Tuesday, January 20, 2009

Seven And A Half Years Lay Broken On The Floor.

This blog post has been a long time coming. I've had so many ideas in my head, so many thoughts in my brain, yet I have not taken the time to stop and type them for you. Well, to be realistic, for me. I'm stopping myself to take the time to write for myself in this moment. I need for this to be said.


A couple weeks ago, I went to a school spirit competition ("Rubber Chicken") between my school, Lewis and Clark High School, and our rival high school, Ferris High School. It is a basketball game where students from both sides cheer on their team, and the school with the most spirit wins the ultimate prize: Chuck. Chuck is a rubber chicken honored by both schools. Sure, it may sound silly, but it's exciting as hell.

When I got home from the Rubber Chicken, I went upstairs and removed my competition t-shirts. I went downstairs and washed a butt-load of dishes, then went back up to my room, and saw something on my floor. I looked down, and felt my jaw drop.

On my mint green carpeting lay a sprawled out seven and a half years of my life.


On my seventh birthday, I made an exchange with another girl who was in my summer activity kid group at a preschool. I traded her a stuffed snake for a clear choker necklace with black beads on it. The part I didn't tell anyone until many years later was that I had stolen the snake from my stepbrother's room.

Teeheehee.

I donned that choker June 27, 1999, not having the slightest idea of what it would become over the years.

I never took it off.

It was with me for everything. Through the stage in my life when I did not want to turn eight, my obsession with cows, the beginning of my teenage life, and all the daily struggles I faced over years and years of life.

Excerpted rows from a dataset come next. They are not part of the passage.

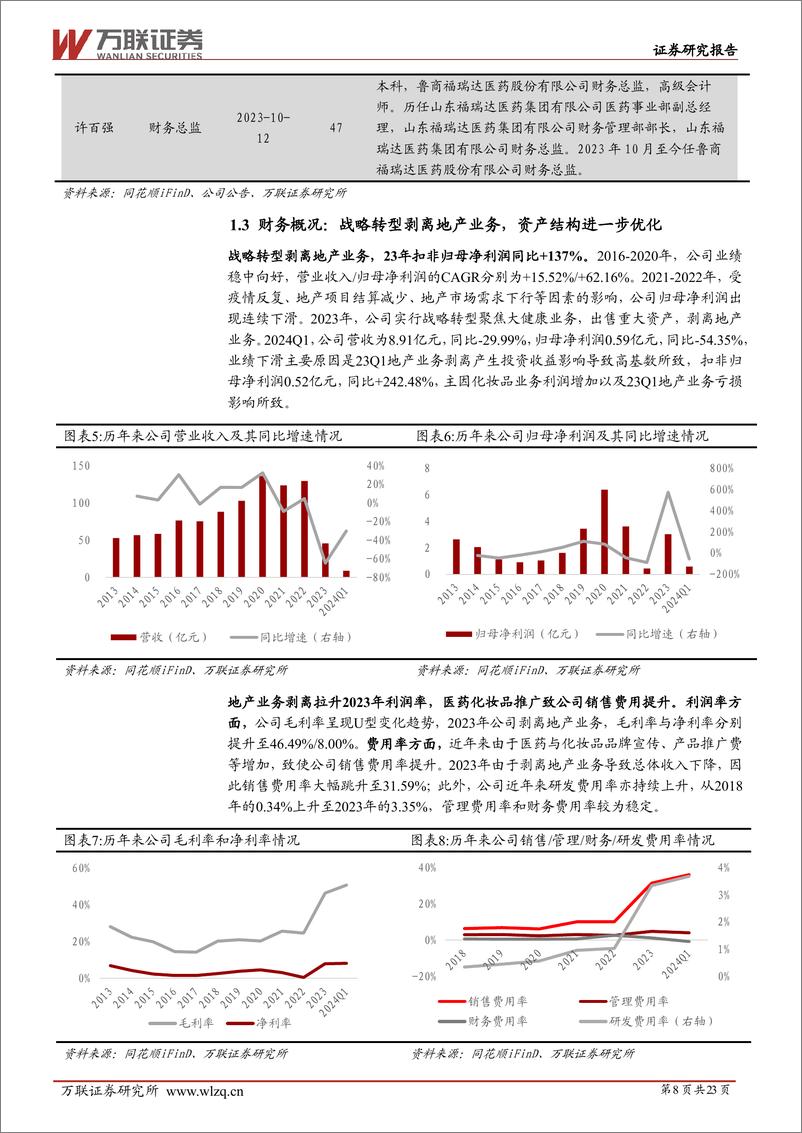 《福瑞达(600223)首次覆盖：聚焦大健康产业，化妆品“5%2bN”战略升级-240620-万联证券-23页》 - 第8页预览图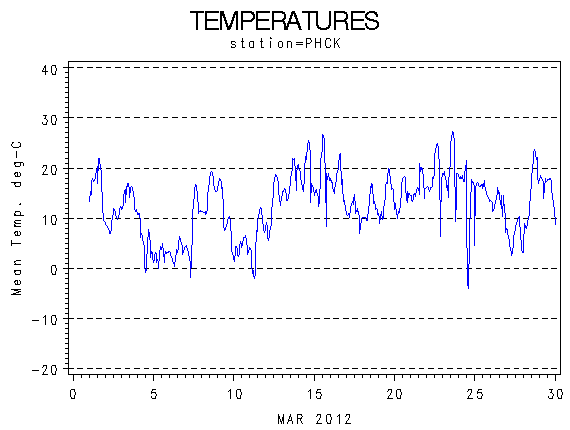 TEMPgraph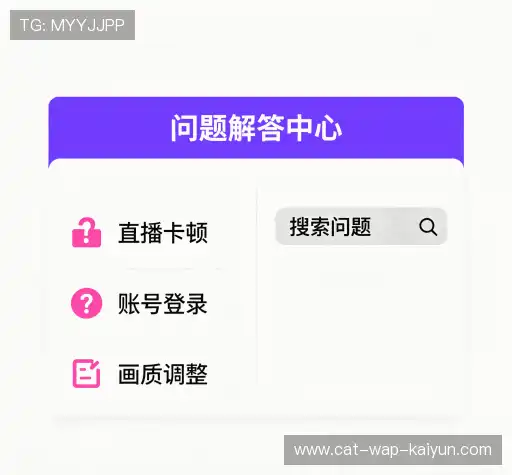 问题索引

Of MY life. After a short time, I no longer felt it on my neck, and it became a "given" that I would wear my black choker necklace. I defended it through everything. And it stayed with me. That is, until a few weeks ago.

Honestly, I'm surprised it lasted that long. It really wasn't supposed to. Especially with what I put it through through; my younger days were spent gaining bruises and scratches to show off to my father and to my friends.

And there it finally lay, seven and a half years of my life, its clear, interweaving strands barely showing on my carpet, its black beads sticking out as if floating, and the spot where it had broken looking almost burned, though in actuality a spot that got irritated, and eventually gave up and split apart.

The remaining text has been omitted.